There are two types of people in this world: those who make bites and those who do not.
The group that makes bites is diligent and careful. They seek consistency and expect greatness from each bite. They build each bite. They see each plate of food as a whole — as a dish. They would be unhappy to be left with a plate of leftover rice because they would be dissatisfied with the flavour of a single component without it’s compatriots. They would be unhappy to be left with a place of leftover rice because this would indicate that they have failed.
The group that does not build bites is reckless and free. Irrespective of their interest in the culinary arts, they fail to restrain themselves from going all in — eating whatever they see without intention. They do not plan and have no rules — a plate of leftover rice is neither a failure, nor a nuisance. It is rice.

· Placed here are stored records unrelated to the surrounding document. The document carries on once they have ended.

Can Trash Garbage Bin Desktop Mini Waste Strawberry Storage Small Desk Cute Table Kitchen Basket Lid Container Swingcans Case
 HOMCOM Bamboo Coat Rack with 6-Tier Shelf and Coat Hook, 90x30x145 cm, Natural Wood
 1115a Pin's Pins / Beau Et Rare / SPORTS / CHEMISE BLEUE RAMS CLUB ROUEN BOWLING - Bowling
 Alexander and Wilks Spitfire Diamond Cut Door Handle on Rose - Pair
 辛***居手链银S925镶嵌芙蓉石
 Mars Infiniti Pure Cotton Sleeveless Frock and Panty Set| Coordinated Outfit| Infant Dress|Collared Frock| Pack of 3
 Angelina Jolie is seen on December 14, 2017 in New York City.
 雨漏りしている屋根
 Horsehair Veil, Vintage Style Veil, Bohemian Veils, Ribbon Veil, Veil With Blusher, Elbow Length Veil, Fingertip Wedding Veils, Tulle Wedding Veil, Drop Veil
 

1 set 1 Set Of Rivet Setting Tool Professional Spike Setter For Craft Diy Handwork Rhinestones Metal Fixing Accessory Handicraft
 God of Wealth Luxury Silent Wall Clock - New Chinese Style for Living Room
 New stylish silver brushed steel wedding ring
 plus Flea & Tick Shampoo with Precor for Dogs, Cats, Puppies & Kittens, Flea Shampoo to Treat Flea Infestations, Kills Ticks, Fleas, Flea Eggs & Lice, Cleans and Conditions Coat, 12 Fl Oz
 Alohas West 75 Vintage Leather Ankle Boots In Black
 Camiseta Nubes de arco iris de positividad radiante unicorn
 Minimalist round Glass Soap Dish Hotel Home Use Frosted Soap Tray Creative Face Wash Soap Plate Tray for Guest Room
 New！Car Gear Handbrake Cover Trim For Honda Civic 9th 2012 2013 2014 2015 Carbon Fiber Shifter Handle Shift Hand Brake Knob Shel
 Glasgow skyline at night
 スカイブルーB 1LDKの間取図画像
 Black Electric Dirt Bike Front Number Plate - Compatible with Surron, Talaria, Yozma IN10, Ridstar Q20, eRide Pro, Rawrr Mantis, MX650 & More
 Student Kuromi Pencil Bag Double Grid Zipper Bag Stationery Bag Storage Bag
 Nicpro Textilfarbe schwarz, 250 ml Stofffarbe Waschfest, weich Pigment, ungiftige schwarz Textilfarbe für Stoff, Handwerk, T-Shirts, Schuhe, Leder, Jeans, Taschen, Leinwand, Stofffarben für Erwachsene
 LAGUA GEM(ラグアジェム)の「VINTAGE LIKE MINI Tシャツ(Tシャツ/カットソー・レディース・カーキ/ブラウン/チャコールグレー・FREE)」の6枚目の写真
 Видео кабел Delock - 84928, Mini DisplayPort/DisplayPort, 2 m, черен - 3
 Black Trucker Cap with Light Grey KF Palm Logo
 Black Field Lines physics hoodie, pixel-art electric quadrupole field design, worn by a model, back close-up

The Stanford Marshmallow experiment showed that children who were able to withstand their desire to eat a marshmallow for long enough were more successful in almost every aspect of their lives. Those who could not had dismal futures.
I propose that we would find the same drastic differences between groups when studying those who make bites and those who do not.
I do not make bites.
I fantasise about making bites the way I see my careful friends do. I envy their dedication and wish the same rules that reigned in their minds had any place in mine. But, they don’t.
I scarf down food like it is a sport. I am happy to eat even the most unappetising leftovers (e.g., raw onions, wilted iceberg lettuce, days-old bread) by themselves if I’ve run out of the rest of the dish. I am undiscerning.
I am undiscerning, but I am also free.
My life has no rules; my plate has no rules. There is nothing holding me back from creating a unique bite each and every time. I don’t mind the failures; I barely notice the successes.
Food is a meditation; I truly do not think.